A city in Spain has become the first in the world to give heatwaves names — much like we do with hurricanes — to make them sound more serious.
“As climate change continues to intensify the temperature, frequency and duration of heat waves, year after year, proMETEO Seville was devised to raise awareness and inform Seville’s residents about the dangerous effects of heat on human health by anchoring public awareness campaigns to a three-tiered category system integrated with the City’s emergency and disaster response plans,” said the mayor of Seville.
The heatwaves will be named in reverse alphabetical order, making “Zoe” the first named heatwave. After that, Yago, Xenia, Wenceslao, and Vega are on the docket for the next heatwaves.
According to the pilot project’s website, the criteria for when a heatwave gets a name takes into account a specific region’s history of weather. In other words, if one city faces temperatures of 30 degrees Celsius over a few days, it could get a name, while if it were that hot in another city, it wouldn’t be classified as a named heatwave.
In Seville, Zoe was over 40 degrees, but temperatures quickly cooled (as they always do), so Zoe has been announced dead.
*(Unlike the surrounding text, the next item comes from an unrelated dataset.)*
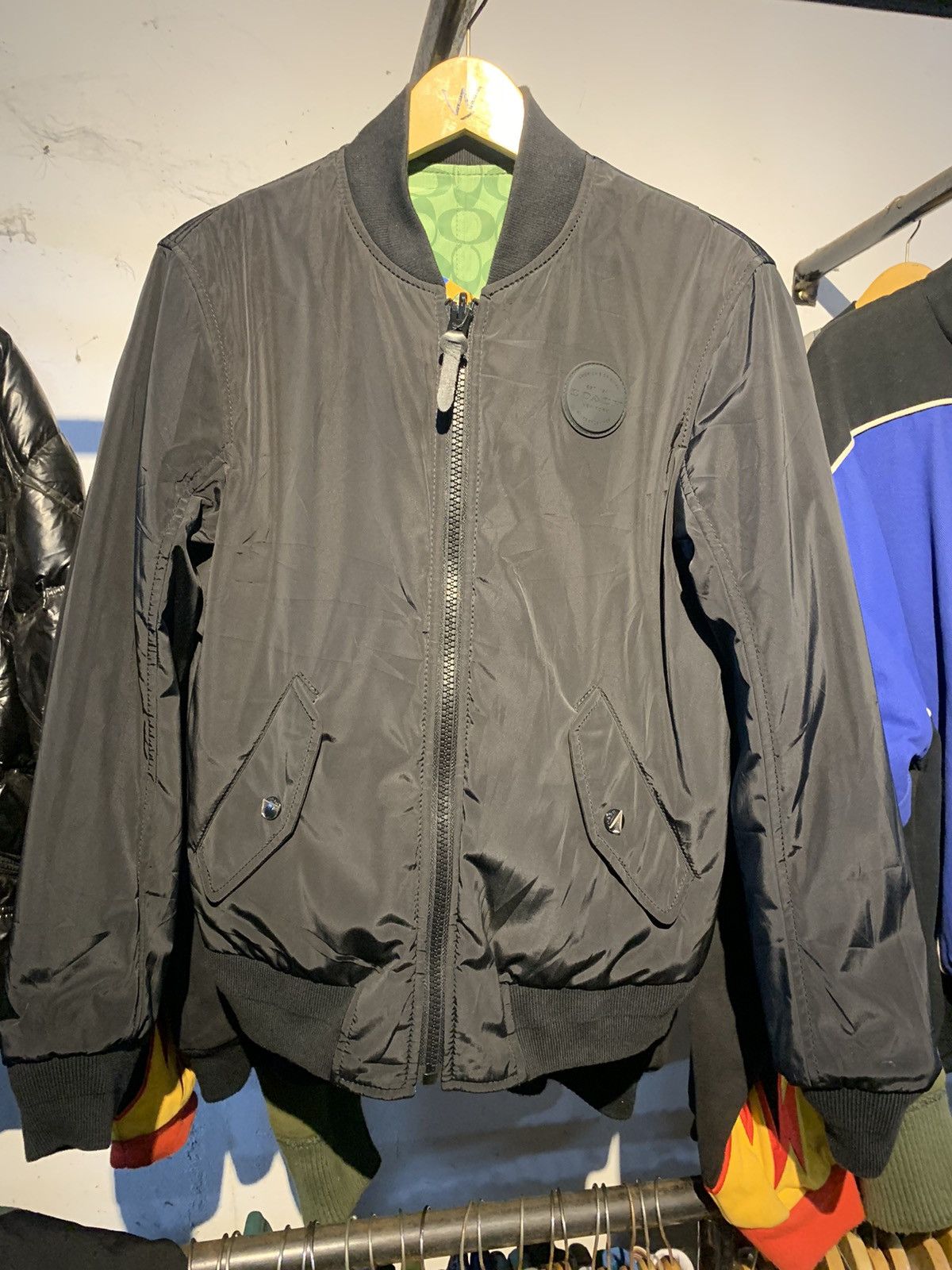 Coach Bombers monogram coach riversible Size US M / EU 48-50 / 2 - 3 Thumbnail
However, the announcement of Zoe’s passing also came with advice to continue following the same safety precautions against heat stroke.
Given the absurd criteria, it’s unsurprising that another heatwave was announced just days later, but temperatures aren’t expected to be quite as high, so officials haven’t utilized ‘Yago’ yet.
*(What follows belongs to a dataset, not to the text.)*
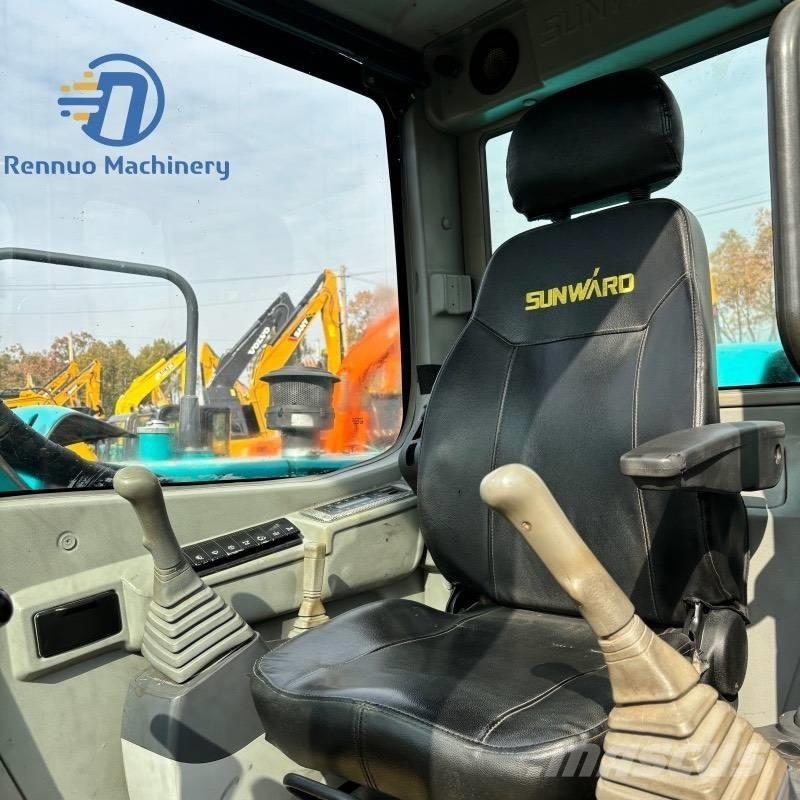 Sunward SWE90 Mini Excavators <7t (Mini Diggers)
The project also claims it’s “At the forefront of climate change” and that extreme heat “tends to be underestimated in the face of other natural disasters.”
While this strategy may raise awareness of hot weather, it’s safe to say that the media has been doing a fine job, too.
Recently, on Twitter, to highlight how weather reporting has become propaganda, people have pointed out the stark contrast of graphics used in weather reporting today compared to just a few years prior, with news stations utilizing blood red to show hotter regions rather than less abrasive colours.
The novelty of naming heatwaves like they’re some kind of natural disaster is just an extension of this trend — an extension that’s not likely to go away anytime soon.